Despite the awkwardness of having to get up and walk past the band to go to the toilet, the gig was a success. Compared to the large drive in gigs and socially distant concerts created by big brands, this gig feels a lot more special and monumental. It’s very much a ‘I was there’ moment, like The Beatles performing on the roof of Apple Corps, The Blinders performing at The Rose & Monkey Pub in Manchester is a gig I will be sharing with friends and family for a long time to come. They might not know who they are or care to listen to their music but the act of attending a gig that isn’t commercialised and feels real is a moment I wish to share with anybody who would care to listen. The Blinders perform with energy that I’ve never witnessed before, it’s all the passion but without the need to throw yourself around too, it’s hypnotising. As the gig ends and the band walk off with a glass of red wine in one hand and a cigarette in the other, I think about the review I will give of this gig.

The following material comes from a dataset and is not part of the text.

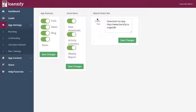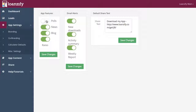Enable or disable polls, mortgage news, your blog, and mortgage rates on user apps. Filter your own emails by enabling or disabling new download alerts, regular activity summaries, and weekly reporting.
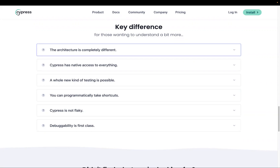Welcome to the Cypress course. In today's video we will learn about Cypress architecture and how it is different from other tools. Most tools in the market are Selenium-based, so they all share the same problem: they run remote commands across the network and operate outside the browser, so execution is not as fast. But with Cypress, it has overtaken all competitors by operating inside the browser.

Would anybody have thought that in the height of a pandemic live music would exist? Would anybody have thought that just a few days after the Government suggest that those in the Arts should retrain as a cyber security assistant for a big corporation, that a band would be performing to a sold out crowd? At a time when live music seems so distant and a moment set in the past, The Blinders and friends have proven that music can survive if it is given the chance and support to live.